Material for the task:
────────
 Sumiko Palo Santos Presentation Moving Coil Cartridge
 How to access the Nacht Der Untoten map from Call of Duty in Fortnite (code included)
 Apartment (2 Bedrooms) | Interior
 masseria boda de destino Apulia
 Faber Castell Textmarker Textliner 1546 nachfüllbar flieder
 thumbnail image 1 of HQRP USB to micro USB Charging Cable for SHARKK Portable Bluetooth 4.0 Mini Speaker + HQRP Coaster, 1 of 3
────────
What needs to be done:
Output all of the entries, exactly as they are written.

The completed task:
 Sumiko Palo Santos Presentation Moving Coil Cartridge
 How to access the Nacht Der Untoten map from Call of Duty in Fortnite (code included)
 Apartment (2 Bedrooms) | Interior
 masseria boda de destino Apulia
 Faber Castell Textmarker Textliner 1546 nachfüllbar flieder
 thumbnail image 1 of HQRP USB to micro USB Charging Cable for SHARKK Portable Bluetooth 4.0 Mini Speaker + HQRP Coaster, 1 of 3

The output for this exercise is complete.